Mercer University College of Medicine, Texas A&M; Health Science Center College and the University of Arizona College of Medicine, among others, have opened or are opening new branches, which the report credits for helping increase the number of admitted medical students across the county.

“We’re trying to expand our program,” said Brittany Witt, admissions office employee for the Texas A&M; Health Science Center.

Goldberg said that while there are new medical schools, none has expanded to the extent needed to produce enough doctors. It is difficult and cyclical because to create more medical schools, universities need to take medical professionals out of hospitals to teach, Goldberg said.

“It’s not going to crack the nut,” he said. “We know what we need to do. There just needs to be a will to do it.”

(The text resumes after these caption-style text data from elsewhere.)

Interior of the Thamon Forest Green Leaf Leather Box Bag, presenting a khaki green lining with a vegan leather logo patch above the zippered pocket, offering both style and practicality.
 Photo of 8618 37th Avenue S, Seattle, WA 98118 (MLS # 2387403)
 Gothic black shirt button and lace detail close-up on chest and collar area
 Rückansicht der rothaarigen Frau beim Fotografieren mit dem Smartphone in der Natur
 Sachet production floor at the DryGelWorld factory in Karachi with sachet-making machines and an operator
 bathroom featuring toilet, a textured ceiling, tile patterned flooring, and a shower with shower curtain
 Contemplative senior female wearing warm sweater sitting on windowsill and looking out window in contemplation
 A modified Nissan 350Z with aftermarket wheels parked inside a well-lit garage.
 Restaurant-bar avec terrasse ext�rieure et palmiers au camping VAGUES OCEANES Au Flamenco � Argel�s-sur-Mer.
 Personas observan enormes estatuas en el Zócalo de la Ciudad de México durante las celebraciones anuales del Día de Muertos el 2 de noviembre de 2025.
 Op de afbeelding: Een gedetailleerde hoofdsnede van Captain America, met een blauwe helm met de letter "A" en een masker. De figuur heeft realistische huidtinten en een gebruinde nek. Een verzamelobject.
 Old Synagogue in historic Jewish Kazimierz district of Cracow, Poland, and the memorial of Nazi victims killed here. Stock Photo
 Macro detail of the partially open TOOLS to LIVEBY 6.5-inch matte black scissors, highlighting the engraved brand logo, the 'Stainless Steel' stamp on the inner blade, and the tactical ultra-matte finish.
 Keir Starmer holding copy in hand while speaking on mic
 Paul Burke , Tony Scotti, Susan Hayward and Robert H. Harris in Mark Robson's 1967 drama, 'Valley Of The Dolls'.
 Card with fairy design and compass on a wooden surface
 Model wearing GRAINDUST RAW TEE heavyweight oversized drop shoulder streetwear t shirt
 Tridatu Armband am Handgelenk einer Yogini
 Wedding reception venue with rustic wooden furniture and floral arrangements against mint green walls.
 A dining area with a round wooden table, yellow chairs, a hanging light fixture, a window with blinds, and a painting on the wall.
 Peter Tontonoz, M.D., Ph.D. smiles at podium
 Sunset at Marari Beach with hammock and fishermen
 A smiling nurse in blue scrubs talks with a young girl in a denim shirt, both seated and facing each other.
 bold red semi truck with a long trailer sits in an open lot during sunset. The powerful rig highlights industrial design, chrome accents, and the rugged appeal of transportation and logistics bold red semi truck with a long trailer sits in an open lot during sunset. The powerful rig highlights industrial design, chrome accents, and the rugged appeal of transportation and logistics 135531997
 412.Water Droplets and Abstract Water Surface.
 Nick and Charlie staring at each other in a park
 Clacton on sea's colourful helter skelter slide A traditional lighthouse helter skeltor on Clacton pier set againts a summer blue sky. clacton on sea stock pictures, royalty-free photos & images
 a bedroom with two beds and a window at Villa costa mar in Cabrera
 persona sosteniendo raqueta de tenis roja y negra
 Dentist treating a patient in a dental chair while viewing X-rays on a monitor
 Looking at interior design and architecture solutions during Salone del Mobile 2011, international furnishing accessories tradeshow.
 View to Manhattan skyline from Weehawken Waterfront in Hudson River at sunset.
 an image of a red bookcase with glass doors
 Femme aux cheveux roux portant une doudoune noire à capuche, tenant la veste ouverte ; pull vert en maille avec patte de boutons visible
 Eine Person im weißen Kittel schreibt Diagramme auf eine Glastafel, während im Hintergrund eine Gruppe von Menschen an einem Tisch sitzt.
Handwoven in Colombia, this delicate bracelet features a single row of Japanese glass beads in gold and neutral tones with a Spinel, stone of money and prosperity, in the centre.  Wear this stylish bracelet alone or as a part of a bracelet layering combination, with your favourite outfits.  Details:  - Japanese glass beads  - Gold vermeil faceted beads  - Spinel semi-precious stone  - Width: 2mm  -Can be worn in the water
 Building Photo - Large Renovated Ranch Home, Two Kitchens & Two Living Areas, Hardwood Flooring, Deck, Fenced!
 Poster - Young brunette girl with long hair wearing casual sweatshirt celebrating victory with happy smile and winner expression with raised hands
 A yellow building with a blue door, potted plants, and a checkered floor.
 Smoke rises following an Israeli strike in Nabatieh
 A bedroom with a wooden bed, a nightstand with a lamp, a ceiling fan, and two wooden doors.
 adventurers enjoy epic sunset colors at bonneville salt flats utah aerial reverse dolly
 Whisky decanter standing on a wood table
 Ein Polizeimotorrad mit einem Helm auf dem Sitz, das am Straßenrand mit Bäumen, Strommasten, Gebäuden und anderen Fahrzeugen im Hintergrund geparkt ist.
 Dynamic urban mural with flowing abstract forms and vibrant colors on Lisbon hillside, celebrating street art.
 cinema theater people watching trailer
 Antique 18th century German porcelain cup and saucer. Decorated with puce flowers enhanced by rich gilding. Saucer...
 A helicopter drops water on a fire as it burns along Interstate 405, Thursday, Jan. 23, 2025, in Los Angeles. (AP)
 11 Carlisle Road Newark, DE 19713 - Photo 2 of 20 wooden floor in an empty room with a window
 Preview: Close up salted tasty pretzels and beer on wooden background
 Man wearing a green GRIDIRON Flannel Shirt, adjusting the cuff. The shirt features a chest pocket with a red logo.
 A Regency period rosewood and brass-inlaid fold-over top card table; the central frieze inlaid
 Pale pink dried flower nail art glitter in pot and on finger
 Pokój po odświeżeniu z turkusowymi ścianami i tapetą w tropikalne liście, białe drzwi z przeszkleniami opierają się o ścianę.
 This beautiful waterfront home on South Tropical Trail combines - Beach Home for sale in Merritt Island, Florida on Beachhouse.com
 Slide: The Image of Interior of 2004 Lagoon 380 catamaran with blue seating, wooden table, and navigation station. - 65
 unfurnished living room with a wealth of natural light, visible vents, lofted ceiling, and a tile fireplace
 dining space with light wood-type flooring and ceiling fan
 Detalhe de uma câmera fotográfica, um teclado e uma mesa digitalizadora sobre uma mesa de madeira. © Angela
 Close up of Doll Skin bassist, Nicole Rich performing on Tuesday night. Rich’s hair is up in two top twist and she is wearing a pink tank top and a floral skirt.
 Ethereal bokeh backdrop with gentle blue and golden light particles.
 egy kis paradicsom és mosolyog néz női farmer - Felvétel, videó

Although more first-year students are going to medical school than ever before, Goldberg said there needs to be 20 percent more physicians in the workforce. Goldberg said the shortage of physicians will not be fixed soon because public schools are not receiving the money from the government to increase the size of medical schools, and private schools have lost part of their endowments due to the stock market crash.

The poor economy is also hurting students’ ability to afford medical school, Goldberg said. “This economic downturn is cutting down on families’ (ability) to pay tuition. We may be experiencing a dollar crunch from the students’ side.”

Goldberg said seats in medical schools and spots in residencies are often filled by foreign students. As the physicians shortage continues, hospitals will hire these students. Many foreign students want to stay in the United States because there is more technology than in their home countries, but the rest of the world is then left without help, Goldberg said.

“We’ve got a catastrophe, and it’s just waiting to happen,” Goldberg said.